What really excited me though were the sustainable concept and production cars shown this year, some of which I was fortunate enough to experience. The I-Pace is Jaguar’s first all-electric car and an accomplished product. It looks progressive, while forging a subtle visual narrative with its gasoline powered siblings. I’m excited to see what Jaguar Land Rover do next as the marque has been creating some really interesting products recently.

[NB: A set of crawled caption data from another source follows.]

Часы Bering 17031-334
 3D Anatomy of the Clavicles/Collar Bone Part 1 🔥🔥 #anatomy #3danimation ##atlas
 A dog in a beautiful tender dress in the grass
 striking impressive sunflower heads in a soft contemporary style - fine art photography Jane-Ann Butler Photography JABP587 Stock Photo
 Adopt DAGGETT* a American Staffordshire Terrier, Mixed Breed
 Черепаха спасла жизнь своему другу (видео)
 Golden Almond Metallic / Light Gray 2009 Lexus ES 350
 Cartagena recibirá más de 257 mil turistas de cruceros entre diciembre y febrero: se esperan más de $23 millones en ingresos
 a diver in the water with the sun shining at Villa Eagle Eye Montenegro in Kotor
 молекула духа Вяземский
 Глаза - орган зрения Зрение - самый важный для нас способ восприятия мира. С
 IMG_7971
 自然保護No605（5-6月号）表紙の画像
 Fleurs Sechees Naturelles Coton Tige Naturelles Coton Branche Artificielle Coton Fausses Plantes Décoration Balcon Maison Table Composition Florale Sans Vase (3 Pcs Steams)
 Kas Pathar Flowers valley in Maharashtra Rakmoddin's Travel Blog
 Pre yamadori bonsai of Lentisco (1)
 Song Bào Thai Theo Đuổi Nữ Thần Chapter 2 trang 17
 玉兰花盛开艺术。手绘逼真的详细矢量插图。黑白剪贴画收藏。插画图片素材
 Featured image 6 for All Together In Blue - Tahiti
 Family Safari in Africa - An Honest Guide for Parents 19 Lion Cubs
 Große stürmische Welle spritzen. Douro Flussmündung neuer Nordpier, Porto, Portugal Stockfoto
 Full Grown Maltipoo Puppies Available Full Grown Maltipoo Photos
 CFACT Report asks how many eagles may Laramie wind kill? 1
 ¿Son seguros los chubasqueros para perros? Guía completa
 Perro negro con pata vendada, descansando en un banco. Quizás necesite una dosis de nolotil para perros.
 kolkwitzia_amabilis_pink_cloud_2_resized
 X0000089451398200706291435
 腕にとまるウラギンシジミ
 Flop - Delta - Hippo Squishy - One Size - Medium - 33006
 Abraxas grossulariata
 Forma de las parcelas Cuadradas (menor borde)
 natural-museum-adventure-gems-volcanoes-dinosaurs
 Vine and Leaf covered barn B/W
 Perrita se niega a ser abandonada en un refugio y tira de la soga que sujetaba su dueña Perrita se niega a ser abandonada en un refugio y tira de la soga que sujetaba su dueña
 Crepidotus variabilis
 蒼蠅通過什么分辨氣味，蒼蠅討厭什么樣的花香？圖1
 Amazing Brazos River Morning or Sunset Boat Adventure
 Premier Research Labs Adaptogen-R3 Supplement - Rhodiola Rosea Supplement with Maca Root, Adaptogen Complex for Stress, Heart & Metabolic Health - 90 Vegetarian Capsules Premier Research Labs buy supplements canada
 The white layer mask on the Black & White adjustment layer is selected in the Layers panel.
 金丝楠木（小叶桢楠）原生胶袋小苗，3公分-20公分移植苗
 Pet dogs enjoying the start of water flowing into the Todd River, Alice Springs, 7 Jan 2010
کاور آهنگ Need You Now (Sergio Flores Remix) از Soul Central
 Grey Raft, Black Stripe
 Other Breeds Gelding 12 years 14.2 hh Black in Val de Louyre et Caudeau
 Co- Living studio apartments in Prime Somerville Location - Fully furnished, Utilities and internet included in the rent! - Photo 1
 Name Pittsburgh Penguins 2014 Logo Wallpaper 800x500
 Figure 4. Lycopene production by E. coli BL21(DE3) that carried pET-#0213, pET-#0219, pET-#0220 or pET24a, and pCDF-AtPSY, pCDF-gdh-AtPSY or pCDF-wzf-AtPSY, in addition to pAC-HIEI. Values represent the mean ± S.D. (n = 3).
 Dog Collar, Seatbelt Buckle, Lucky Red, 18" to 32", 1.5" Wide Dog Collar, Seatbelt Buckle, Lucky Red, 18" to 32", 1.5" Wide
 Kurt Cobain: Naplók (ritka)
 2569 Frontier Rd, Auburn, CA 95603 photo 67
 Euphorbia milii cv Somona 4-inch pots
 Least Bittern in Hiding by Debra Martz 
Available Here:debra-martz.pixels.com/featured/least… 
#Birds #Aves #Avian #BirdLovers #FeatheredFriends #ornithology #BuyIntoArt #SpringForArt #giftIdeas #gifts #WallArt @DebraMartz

Elsewhere, the latest hybrid-electric i8 Roadster was also huge fun to explore. BMW has been at the forefront of ecological thinking when it established the BMW i electric sub-brand seven years ago. The Roadster is the convertible sibling to the Coupé, exploring further the intriguing design of the original, while making great use of the advanced LifeDrive modular architecture that underpins all BMW’s electric cars. Others certainly worth mentioning here are the Audi E-Tron SUV, an electric car that is so advanced technically, yet could perhaps have risked looking a touch more radical. I suspect the company will be more daring with its future electric cars.
One of the highlights of the year was definitely Automobili Pininfarina and its first product, the Battista. This is a sustainably-developed, clean-powered hypercar to be built by 2020 from the new car arm of the legendary Italian styling house. I am yet to see the actual car, expected to be unveiled at the Geneva Show in the spring, yet the drawings certainly look promising.
Also worth mentioning here is the Prototype 10 by Infiniti. This elegantly-proportioned vehicle is an electric performance concept car to honor the evocative spirit of early Californian speedsters. It implies where the premium Japanese marque is heading visually in the next three years when every new model will benefit from some form of sustainable powertrain.
Looking a touch further ahead, Volvo’s 360c is a truly visionary concept. This mobile hub is at once a self-driving workstation offering hot-desking on the move, a space to socialize in with friends, as well as a tranquil bedroom-on-wheels – what the firm calls “road planes” to challenge short-haul flights.
On the whole, 2018 has proved to be an exciting year for speculative design and I am looking forward to seeing and experiencing these ideas as they progress into reality in the years ahead.